Mais attention, rappelons ici qu’il est impossible de tout attendre des syndicats : ceux-ci ne peuvent s’avérer efficaces que dans la mesure où les salariés les approchent, les informent, les sollicitent et surtout s’efforcent, dans leur pratique professionnelle, de respecter à minima la législation en vigueur. Par exemple, comment voulez-vous que nous défendions avec efficacité certains salariés acceptant de travailler gratuitement jusqu’à minuit ou plus tard encore, pour un salaire des plus modestes ? Selon nos informations, de nombreux salariés Middle Office travailleraient en effet sans rémunération jusqu’à entre 10 et 20 heures par semaine au-delà de la durée légale et cela, sans aucune majoration, c’est-à-dire gratuitement… Comment voudriez-vous dans ces conditions réclamer une augmentation de salaire ? Une salariée aurait même subi un accident de la circulation en rentrant chez elle à… une heure du matin ! Mais chut ! il ne faut pas le dire ! Eh bien si : il va falloir le dire, l’écrire, le crier si nécessaire, sans quoi rien ne changera.
Il revient urgemment à la direction d’accorder des moyens, des moyens humains essentiellement. Des solutions existent, notamment d’anticipation, d’accompagnement, de formation,  qu’interdit aujourd’hui une gestion purement financière, court-termiste, au jour le jour. Nous reviendrons sur le sujet aussi souvent qu’il sera nécessaire.

2 Commentaires

  1. Bonjour,

    Je réitère ma question sur l'un des précédents articles :
    Pourquoi est ce que le CHSCT ne demande pas une expertise ?

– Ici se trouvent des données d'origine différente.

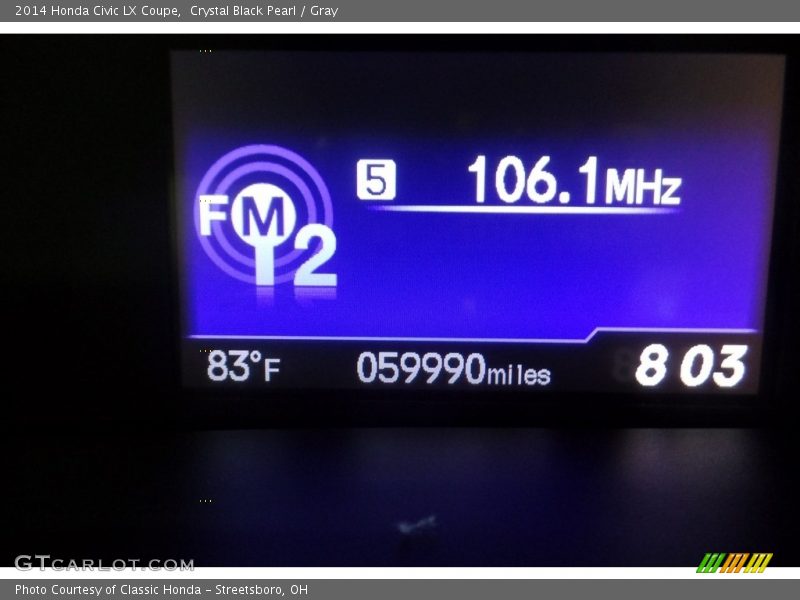 Crystal Black Pearl / Gray 2014 Honda Civic LX Coupe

    "Bon sang, c'est un doit alors utilisez le bon sang : Article L4614-12".

    Il vous faut quoi de plus ?
    Que les permanents se fassent menacer est la preuve que seule une étude externe, permettra de rencontrer des membres du MO sur 1 ou des sites et assurer une neutralité/anonymat.

    Pourquoi cela ne bouge pas ? c'est pourtant clair :
    L4614-12 alinéa 1:
    Le comité d'hygiène, de sécurité et des conditions de travail peut faire appel à un expert agréé :
    Lorsqu'un risque grave, révélé ou non par un accident du travail, une maladie professionnelle ou à caractère professionnel est constaté dans l'établissement.

    alors ?

  2. Inutile d'attraper un coup de sang, cher Anonyme de 11h27. Les organisations syndicales ont pleinement conscience maintenant de la situation et lorsque nous écrivons que les organisations syndicales (celles qui le veulent) ont décidé d'agir de manière plus lisible, les choses sont claires : oui, il y aura des visites de sites, sans doute des expertises et si nécessaire des droits d'alerte.
    Nous avons jeté un pavé dans la mare et sommes prêts à assumer les conséquences qui en découleront.
    Mais, répétons-le, rien ne se fera sans l'appui des salariés concernés. Leur coopération, leur expérience et leurs informations nous sont précieuses.